That sounds like something a blogger might say, but it was Art Linkletter, speaking in 1965, back when he was one of the most familiar faces on television. He died yesterday at the age of 97.
I remember watching him when I was a kid. He had kids on his show.
Being a kid, I was very interested in... how do I get on that show?
Later, young people my age turned against him. It had to do with this:
In 1969 Mr. Linkletter’s daughter Diane leapt to her death from her sixth-story apartment. Her father said that LSD had contributed to her death, and although an autopsy showed no signs of the drug in her body, the personal tragedy became a national event, suggesting to many Americans that drugs and the counterculture were making inroads even into seemingly model families like the Linkletters.Oh, how we callow youths mocked the poor man who, having lost his daughter, wanted to spoil our good times. LSD became associated with the urge to leap from windows and rooftops — an idea that many took seriously but many others — e.g., everyone I knew — thought was hilarious. Some of us seem to remember a National Lampoon illustration picturing the daughter at her window gazing at a hallucination of Art Linkletter floating in the air and beckoning to her. I hope we won't go to hell for laughing at things like that.
Mr. Linkletter, rather than retreating from the attention, became a crusader against drug use and an adviser to President Richard M. Nixon on drug policy...

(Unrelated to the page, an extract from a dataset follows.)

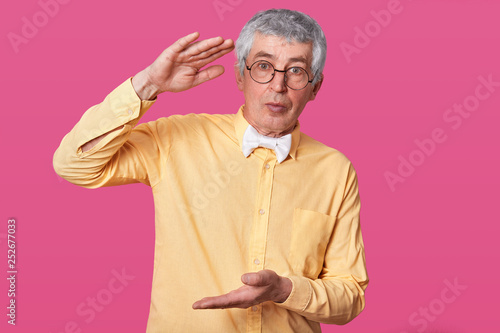 Calm senior shows large or big object, stands against pink wall, dressed in stylish yellow shirt and white bowltie, has serious facial expression. Pensioner shapes square. Male demonstrates size. photo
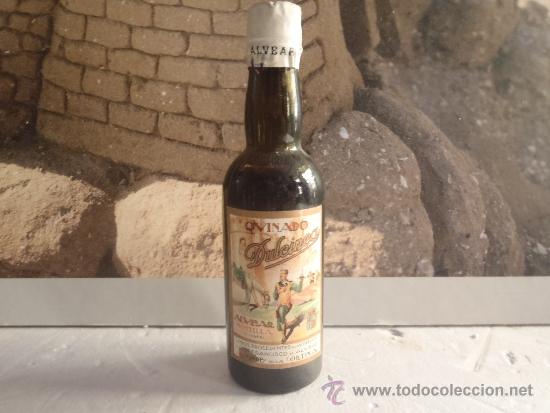 Botellas antiguas: BOTELLIN QUINADO DULCINEA - Foto 1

Meanwhile, in heaven, there's "gold and diamonds." That's from the first kid interview in the YouTube clip above. Art asks little Roger Wong — a kid who wants to be a doctor — what heaven is like, and the kid says "gold and diamonds." Art suggests that, as a doctor, the boy will "keep people from going to heaven," which the boy takes the wrong way and denies. Art has to rephrase it: "I mean, you're just going to delay them a little, aren't you?"
Strangely, the same joke — that saving lives is only delaying death — appears in the current issue of The Onion. Humor is a funny thing. Sometimes cornball and hip merge, like that, and sometimes they are so thoroughly different — as with that beckoning hallucination — that it drives a sharp wedge between us.